What you are asked to do: Each entry must be printed again without a single change.

Supplied material:
=== Section Start ===

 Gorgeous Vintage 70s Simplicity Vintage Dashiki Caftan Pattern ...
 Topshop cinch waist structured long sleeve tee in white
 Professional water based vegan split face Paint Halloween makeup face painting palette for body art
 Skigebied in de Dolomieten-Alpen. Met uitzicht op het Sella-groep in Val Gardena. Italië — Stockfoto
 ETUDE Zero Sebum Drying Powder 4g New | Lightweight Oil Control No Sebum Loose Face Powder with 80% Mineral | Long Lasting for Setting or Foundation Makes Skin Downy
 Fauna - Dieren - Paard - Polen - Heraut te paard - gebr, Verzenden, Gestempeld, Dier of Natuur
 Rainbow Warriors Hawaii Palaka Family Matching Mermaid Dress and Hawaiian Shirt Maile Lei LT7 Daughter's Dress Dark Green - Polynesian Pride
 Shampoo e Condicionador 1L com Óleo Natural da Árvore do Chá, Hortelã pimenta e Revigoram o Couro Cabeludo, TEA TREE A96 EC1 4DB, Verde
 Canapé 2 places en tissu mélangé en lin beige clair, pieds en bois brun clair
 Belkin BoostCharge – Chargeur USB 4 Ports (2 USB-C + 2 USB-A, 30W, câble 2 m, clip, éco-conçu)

=== Section End ===

Solution for this problem:
 Gorgeous Vintage 70s Simplicity Vintage Dashiki Caftan Pattern ...
 Topshop cinch waist structured long sleeve tee in white
 Professional water based vegan split face Paint Halloween makeup face painting palette for body art
 Skigebied in de Dolomieten-Alpen. Met uitzicht op het Sella-groep in Val Gardena. Italië — Stockfoto
 ETUDE Zero Sebum Drying Powder 4g New | Lightweight Oil Control No Sebum Loose Face Powder with 80% Mineral | Long Lasting for Setting or Foundation Makes Skin Downy
 Fauna - Dieren - Paard - Polen - Heraut te paard - gebr, Verzenden, Gestempeld, Dier of Natuur
 Rainbow Warriors Hawaii Palaka Family Matching Mermaid Dress and Hawaiian Shirt Maile Lei LT7 Daughter's Dress Dark Green - Polynesian Pride
 Shampoo e Condicionador 1L com Óleo Natural da Árvore do Chá, Hortelã pimenta e Revigoram o Couro Cabeludo, TEA TREE A96 EC1 4DB, Verde
 Canapé 2 places en tissu mélangé en lin beige clair, pieds en bois brun clair
 Belkin BoostCharge – Chargeur USB 4 Ports (2 USB-C + 2 USB-A, 30W, câble 2 m, clip, éco-conçu)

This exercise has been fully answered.